Mr. Ensslin was a pastor. After the war his daughters, Christiana and Gudrun, had asked the same question that Stani asked Gizela W.: “DID YOU KNOW?”
Unlike Gizela, the pastor knew. He knew the Stauffenberg conspirators; they belonged to his parish. He knew the circumstances of Rommel’s death in the nearby stone quarries.
His daughters were angry at him for not having denounced the crimes. He should have denounced them publicly, from the pulpit, during services.
The pastor explained that the Gestapo were present at services.
“That’s no reason to have kept silent,” his daughters replied.
Christiana Ensslin, her hair clipped short, with sunken black eyes and wearing a stretched-out sweater, lives with a terrorist who served sixteen years in prison and then was pardoned by the president. She is friends with a woman terrorist who is still in prison, but is already partially pardoned: she spends the nights in prison, while during the
day she sews costumes for
La Traviata
at the city opera. When she receives her complete pardon she will go on vacation to visit a Swedish princess known as the Angel of Prisoners. Christiana Ensslin is an activist in the Union of Film Workers. She fights for greater funding for women directors. She would love to finance a film about Rosa Luxemburg’s first day of freedom. It is 1918; Rosa leaves the Breslau prison, boards a train, travels to Berlin, enters the editorial office, greets Liebknecht, sits down at her desk, and starts writing. She is writing an article about the situation in Germany. That’s all very well, but who will go to see such a film? “I will,” says the terrorist who was in prison for sixteen years. “I will,” says the terrorist who sews costumes for
La Traviata
. “I will,” says Christiana, whose father did not condemn the crimes. “I will,” says Dr. Ronge, who translates for our Polish-German conversations. “I will,” I say, although I have no intention of going to see a film about Rosa Luxemburg’s first day of freedom. I say this out of sympathy for skinny, neurotic Christiana Ensslin. And that would have been the entire audience.

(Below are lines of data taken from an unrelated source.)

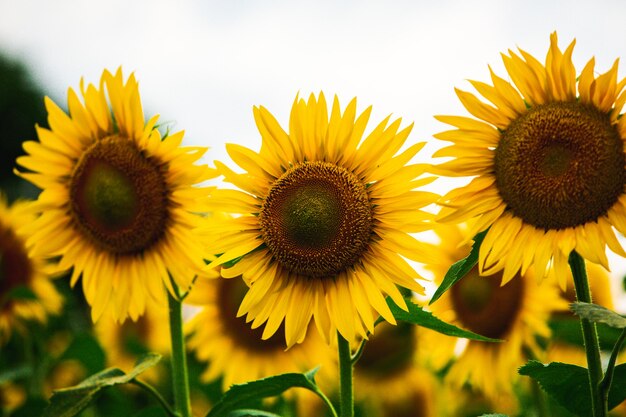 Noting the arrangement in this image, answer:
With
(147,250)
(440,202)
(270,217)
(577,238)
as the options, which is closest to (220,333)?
(147,250)

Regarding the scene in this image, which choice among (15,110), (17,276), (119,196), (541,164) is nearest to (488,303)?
(541,164)

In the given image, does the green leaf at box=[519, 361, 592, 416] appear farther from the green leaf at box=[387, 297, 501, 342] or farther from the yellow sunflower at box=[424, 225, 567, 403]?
the yellow sunflower at box=[424, 225, 567, 403]

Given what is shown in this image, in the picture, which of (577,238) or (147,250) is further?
(147,250)

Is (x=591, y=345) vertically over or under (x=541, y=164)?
under

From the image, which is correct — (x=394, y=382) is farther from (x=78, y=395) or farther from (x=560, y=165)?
(x=560, y=165)

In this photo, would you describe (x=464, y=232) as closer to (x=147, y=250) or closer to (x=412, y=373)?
(x=412, y=373)

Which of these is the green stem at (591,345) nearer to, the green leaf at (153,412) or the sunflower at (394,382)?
the green leaf at (153,412) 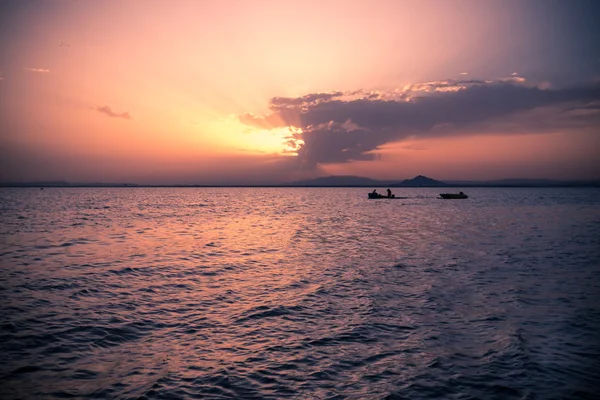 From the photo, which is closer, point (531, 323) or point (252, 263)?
point (531, 323)

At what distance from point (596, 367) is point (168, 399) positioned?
11.6 m

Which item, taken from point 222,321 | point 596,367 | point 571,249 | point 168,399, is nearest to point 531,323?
point 596,367

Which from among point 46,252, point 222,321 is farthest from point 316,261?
point 46,252

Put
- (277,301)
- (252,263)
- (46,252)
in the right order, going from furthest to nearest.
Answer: (46,252) → (252,263) → (277,301)

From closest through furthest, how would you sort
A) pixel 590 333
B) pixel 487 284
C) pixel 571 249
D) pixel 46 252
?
1. pixel 590 333
2. pixel 487 284
3. pixel 46 252
4. pixel 571 249

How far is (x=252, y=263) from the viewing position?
2569cm

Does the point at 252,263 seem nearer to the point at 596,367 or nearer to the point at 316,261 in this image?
the point at 316,261

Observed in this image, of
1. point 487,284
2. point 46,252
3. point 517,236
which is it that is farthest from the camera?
point 517,236

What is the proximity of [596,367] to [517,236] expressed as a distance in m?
35.1

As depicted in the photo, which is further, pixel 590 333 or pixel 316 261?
pixel 316 261

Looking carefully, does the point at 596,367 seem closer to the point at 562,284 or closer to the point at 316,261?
the point at 562,284


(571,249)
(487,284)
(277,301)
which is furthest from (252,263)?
(571,249)

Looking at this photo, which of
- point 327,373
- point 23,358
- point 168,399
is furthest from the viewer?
point 23,358

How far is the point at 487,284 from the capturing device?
19625 millimetres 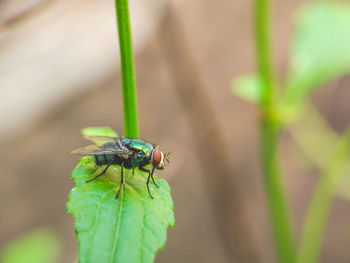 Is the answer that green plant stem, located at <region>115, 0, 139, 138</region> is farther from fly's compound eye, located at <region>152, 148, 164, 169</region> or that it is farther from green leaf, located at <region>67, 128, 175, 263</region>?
fly's compound eye, located at <region>152, 148, 164, 169</region>

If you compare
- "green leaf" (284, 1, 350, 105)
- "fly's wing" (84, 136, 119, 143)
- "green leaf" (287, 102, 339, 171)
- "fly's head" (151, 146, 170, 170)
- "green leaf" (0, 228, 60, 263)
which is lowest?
"green leaf" (0, 228, 60, 263)

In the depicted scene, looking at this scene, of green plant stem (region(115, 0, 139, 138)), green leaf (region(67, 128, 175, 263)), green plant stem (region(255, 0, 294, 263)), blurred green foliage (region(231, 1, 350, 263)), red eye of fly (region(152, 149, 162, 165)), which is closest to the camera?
green leaf (region(67, 128, 175, 263))

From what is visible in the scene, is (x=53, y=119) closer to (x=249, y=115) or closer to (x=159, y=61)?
(x=159, y=61)

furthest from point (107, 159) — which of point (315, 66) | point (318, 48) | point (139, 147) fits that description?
point (318, 48)

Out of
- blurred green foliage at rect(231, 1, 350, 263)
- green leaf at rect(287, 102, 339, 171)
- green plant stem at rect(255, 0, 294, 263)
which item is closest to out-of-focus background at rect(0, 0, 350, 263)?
green leaf at rect(287, 102, 339, 171)

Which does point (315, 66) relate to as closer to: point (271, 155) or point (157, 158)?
point (271, 155)

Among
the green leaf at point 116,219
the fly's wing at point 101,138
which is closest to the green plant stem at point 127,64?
the green leaf at point 116,219

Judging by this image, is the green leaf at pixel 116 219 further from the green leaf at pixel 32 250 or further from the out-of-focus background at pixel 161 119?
the out-of-focus background at pixel 161 119

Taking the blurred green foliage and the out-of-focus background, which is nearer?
the blurred green foliage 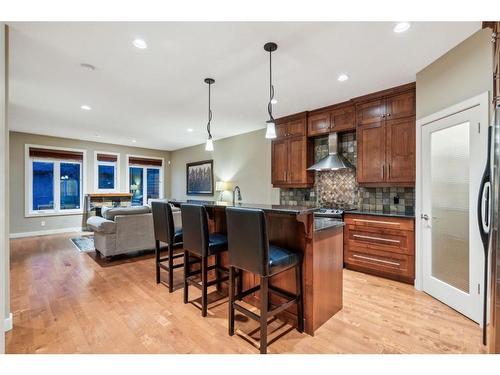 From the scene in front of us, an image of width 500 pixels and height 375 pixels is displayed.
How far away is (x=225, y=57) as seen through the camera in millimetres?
2498

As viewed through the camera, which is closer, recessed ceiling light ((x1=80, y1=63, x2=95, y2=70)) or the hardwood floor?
the hardwood floor

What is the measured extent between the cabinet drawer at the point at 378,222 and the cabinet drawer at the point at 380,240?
0.06 m

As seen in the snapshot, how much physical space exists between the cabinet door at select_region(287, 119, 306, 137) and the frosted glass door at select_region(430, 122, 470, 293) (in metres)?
2.10

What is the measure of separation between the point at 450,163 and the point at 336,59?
1.65 meters

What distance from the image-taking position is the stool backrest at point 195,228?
2.32 m

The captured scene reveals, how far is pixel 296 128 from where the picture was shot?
4.55m

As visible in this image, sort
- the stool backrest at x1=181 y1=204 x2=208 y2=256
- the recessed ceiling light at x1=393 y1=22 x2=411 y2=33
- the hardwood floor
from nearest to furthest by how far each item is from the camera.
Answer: the hardwood floor, the recessed ceiling light at x1=393 y1=22 x2=411 y2=33, the stool backrest at x1=181 y1=204 x2=208 y2=256

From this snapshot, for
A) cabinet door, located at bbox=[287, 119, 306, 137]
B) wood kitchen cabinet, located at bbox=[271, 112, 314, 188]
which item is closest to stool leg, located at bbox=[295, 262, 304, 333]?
wood kitchen cabinet, located at bbox=[271, 112, 314, 188]

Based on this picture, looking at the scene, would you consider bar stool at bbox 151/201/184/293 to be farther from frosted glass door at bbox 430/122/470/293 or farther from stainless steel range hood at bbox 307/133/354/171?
frosted glass door at bbox 430/122/470/293

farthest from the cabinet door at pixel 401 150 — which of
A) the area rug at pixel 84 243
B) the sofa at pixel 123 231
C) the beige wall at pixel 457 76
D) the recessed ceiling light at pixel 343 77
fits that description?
the area rug at pixel 84 243

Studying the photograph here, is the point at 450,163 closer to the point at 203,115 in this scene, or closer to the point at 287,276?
the point at 287,276

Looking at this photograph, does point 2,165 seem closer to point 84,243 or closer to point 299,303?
point 299,303

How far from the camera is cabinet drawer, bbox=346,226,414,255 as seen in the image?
120 inches

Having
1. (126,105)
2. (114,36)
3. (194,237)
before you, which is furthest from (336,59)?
(126,105) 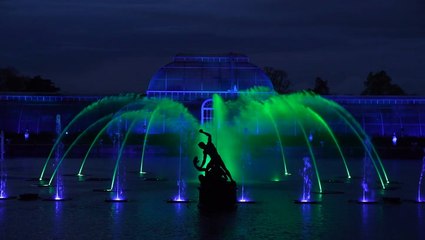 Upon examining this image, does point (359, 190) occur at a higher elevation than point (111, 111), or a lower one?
lower

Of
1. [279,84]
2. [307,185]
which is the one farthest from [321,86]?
[307,185]

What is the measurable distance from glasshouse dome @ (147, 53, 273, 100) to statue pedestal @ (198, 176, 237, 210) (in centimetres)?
7266

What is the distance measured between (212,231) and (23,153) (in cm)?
5354

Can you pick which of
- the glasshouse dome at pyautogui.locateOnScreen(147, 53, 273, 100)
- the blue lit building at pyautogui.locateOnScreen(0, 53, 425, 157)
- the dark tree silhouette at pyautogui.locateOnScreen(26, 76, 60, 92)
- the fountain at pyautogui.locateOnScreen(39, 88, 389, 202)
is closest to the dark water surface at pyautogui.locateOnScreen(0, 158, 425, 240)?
the fountain at pyautogui.locateOnScreen(39, 88, 389, 202)

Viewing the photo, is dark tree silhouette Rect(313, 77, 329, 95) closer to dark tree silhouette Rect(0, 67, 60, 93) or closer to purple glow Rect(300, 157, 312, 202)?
dark tree silhouette Rect(0, 67, 60, 93)

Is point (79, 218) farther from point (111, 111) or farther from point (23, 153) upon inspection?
point (111, 111)

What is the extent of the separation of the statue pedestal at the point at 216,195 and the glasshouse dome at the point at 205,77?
72662mm

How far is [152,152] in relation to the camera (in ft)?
244

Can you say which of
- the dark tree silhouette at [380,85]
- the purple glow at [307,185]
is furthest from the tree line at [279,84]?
the purple glow at [307,185]

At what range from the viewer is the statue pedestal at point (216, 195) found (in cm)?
2753

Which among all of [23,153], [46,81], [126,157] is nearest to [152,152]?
[126,157]

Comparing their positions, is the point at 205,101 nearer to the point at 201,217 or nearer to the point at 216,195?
the point at 216,195

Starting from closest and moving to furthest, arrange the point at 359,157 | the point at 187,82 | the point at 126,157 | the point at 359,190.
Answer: the point at 359,190
the point at 126,157
the point at 359,157
the point at 187,82

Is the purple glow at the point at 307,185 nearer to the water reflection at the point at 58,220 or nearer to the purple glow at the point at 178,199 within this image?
the purple glow at the point at 178,199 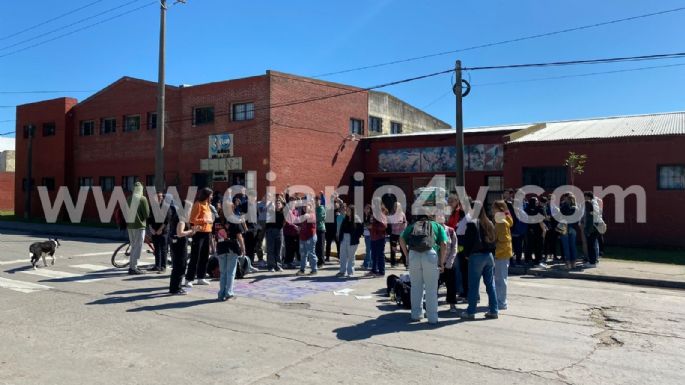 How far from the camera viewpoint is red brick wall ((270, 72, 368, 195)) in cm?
2573

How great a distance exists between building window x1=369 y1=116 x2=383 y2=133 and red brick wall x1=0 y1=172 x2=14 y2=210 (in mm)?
37608

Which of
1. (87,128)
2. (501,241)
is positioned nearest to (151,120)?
(87,128)

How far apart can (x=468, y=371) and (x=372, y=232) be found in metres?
6.37

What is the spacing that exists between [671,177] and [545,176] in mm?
4084

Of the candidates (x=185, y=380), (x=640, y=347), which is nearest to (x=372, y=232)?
(x=640, y=347)

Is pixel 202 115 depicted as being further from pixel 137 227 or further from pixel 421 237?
pixel 421 237

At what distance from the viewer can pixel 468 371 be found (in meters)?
5.15

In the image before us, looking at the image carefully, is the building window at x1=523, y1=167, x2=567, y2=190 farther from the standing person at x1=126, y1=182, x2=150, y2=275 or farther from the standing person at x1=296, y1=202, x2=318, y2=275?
the standing person at x1=126, y1=182, x2=150, y2=275

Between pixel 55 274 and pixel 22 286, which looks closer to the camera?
pixel 22 286

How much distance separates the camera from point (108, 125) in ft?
108

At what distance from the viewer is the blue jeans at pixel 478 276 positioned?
7.40 meters

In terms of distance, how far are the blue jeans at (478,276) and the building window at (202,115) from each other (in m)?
22.3

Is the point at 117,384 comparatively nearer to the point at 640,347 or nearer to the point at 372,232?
the point at 640,347

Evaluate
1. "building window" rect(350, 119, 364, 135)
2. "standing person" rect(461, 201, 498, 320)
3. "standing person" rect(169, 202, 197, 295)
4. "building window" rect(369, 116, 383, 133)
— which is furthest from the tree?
"building window" rect(369, 116, 383, 133) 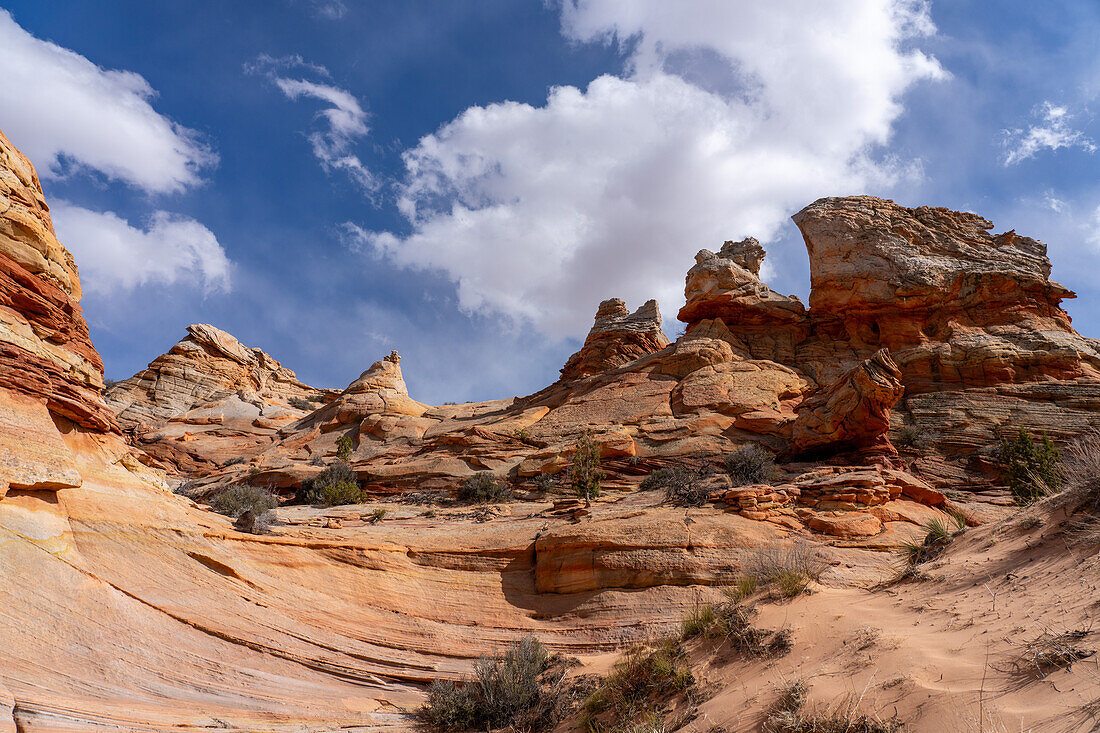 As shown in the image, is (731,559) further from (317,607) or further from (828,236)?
(828,236)

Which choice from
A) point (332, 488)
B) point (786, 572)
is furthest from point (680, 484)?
point (332, 488)

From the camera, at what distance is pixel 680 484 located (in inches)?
736

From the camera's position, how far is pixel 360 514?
769 inches

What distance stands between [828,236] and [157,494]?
33661 millimetres

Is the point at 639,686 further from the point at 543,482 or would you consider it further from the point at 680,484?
the point at 543,482

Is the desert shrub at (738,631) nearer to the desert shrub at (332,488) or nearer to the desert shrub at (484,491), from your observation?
the desert shrub at (484,491)

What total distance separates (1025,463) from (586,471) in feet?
47.3

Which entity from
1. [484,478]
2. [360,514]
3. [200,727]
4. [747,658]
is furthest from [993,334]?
[200,727]

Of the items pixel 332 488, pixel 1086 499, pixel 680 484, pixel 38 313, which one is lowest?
pixel 1086 499

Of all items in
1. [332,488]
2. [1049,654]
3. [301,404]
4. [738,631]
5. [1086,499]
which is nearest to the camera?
[1049,654]

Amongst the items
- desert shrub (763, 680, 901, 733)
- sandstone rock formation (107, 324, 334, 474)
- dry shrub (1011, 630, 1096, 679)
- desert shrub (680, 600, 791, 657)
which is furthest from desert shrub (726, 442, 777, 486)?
sandstone rock formation (107, 324, 334, 474)

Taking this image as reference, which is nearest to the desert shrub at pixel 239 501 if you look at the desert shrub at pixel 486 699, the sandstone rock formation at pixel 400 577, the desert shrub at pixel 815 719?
the sandstone rock formation at pixel 400 577

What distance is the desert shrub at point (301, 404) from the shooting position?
2126 inches

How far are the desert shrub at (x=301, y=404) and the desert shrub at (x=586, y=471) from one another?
3862 cm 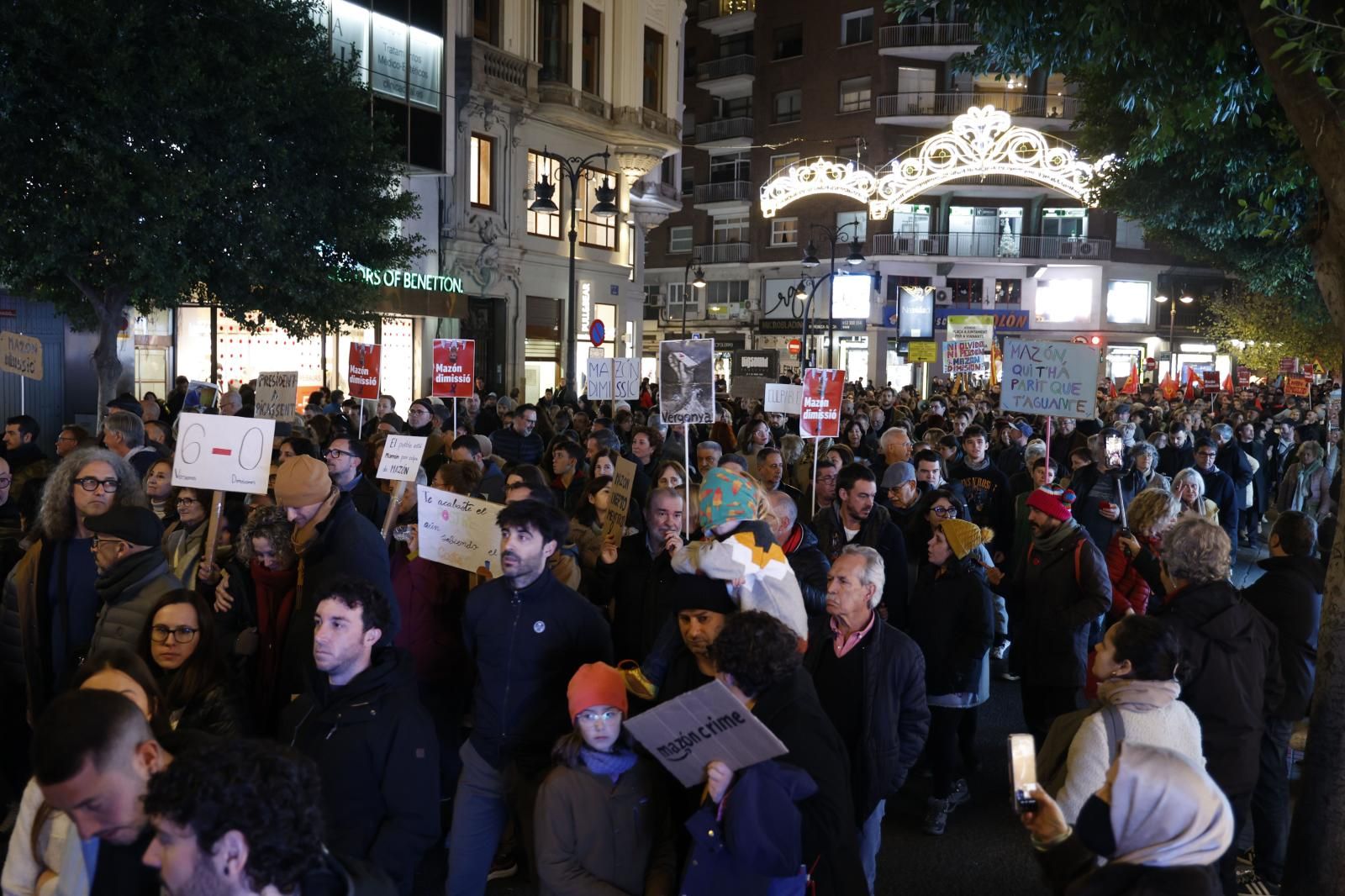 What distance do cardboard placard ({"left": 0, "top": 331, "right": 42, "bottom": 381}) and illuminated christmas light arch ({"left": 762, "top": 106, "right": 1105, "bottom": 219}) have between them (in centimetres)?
1766

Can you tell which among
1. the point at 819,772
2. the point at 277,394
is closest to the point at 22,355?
the point at 277,394

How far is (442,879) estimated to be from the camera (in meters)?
5.53

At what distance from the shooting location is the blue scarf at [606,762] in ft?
12.6

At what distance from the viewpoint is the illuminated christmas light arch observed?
84.1 feet

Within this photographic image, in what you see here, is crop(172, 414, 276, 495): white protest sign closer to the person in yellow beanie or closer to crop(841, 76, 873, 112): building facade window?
the person in yellow beanie

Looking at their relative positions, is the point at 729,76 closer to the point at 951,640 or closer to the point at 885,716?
the point at 951,640

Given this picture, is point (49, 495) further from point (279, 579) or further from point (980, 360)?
point (980, 360)

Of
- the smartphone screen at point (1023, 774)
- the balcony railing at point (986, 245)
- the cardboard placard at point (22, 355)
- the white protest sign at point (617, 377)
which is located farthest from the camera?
the balcony railing at point (986, 245)

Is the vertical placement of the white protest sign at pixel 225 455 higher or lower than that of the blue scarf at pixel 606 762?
higher

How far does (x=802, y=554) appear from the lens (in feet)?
20.0

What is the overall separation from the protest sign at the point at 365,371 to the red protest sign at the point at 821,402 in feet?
18.2

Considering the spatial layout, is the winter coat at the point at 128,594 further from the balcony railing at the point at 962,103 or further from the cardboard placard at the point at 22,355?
the balcony railing at the point at 962,103

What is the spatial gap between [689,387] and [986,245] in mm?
47195

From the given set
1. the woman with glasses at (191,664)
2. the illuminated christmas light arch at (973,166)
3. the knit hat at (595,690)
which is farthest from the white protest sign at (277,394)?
the illuminated christmas light arch at (973,166) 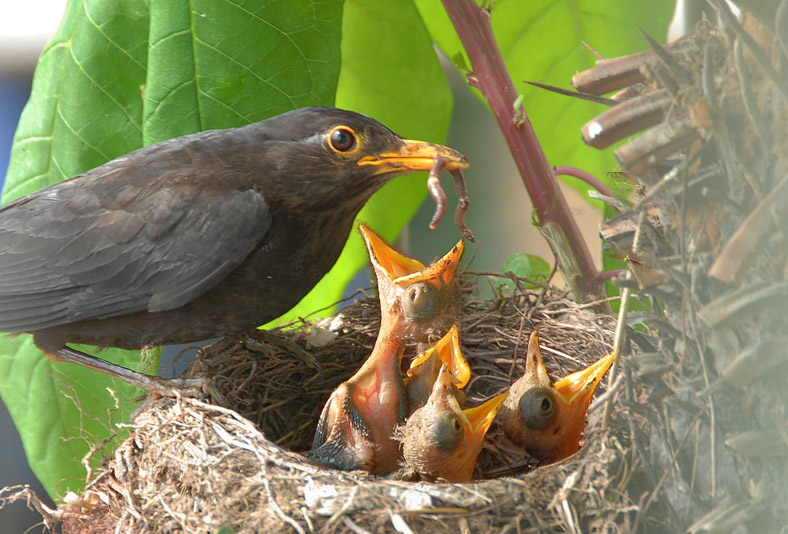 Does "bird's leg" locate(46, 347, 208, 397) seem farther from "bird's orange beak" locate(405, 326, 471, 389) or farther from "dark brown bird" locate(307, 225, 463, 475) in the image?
"bird's orange beak" locate(405, 326, 471, 389)

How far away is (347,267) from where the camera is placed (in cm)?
192

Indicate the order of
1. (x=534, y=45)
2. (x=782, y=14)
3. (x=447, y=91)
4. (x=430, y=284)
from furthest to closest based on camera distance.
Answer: (x=447, y=91) → (x=534, y=45) → (x=430, y=284) → (x=782, y=14)

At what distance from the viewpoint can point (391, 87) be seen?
5.91ft

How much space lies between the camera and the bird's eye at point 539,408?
4.68 feet

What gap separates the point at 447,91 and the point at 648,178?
119cm

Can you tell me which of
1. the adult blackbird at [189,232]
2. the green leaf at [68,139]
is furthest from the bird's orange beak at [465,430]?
the green leaf at [68,139]

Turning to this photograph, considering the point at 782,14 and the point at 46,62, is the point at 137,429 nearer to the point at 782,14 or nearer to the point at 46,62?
the point at 46,62

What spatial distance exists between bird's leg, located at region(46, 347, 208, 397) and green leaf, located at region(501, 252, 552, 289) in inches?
32.2

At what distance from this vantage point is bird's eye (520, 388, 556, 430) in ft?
4.68

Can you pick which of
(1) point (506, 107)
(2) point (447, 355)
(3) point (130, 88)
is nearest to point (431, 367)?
(2) point (447, 355)

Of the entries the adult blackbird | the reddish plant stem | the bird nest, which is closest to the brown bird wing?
the adult blackbird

The Maximum Security Section was built especially for Stefan W. and his friends from the RAF. It is located in the depths of the prison, in Ossendorf, in the northern part of Cologne. No daylight enters the cells. The walls
are made of sound- and odor-absorbing materials. Keys don’t jangle, the combination locks don’t creak, and the coffee that Stefan W. brews has no aroma. Stefan has brought a thermos with boiling water and little jars to the visitation cell. He shakes out some Nescafe and sugar from the jars, stirs them for a long time, gradually pours in boiling water from the thermos, and makes cappuccino. The visitation cell is a concrete container, decorated with several pictures. They portray Peter the Great on his stone horse, a review of the troops on Senate Square, and a bridge on the Moika in winter garb. The pictures were put up by Stefan’s warden, a fellow by the name of Hemmers, who nurses a fondness for Petersburg.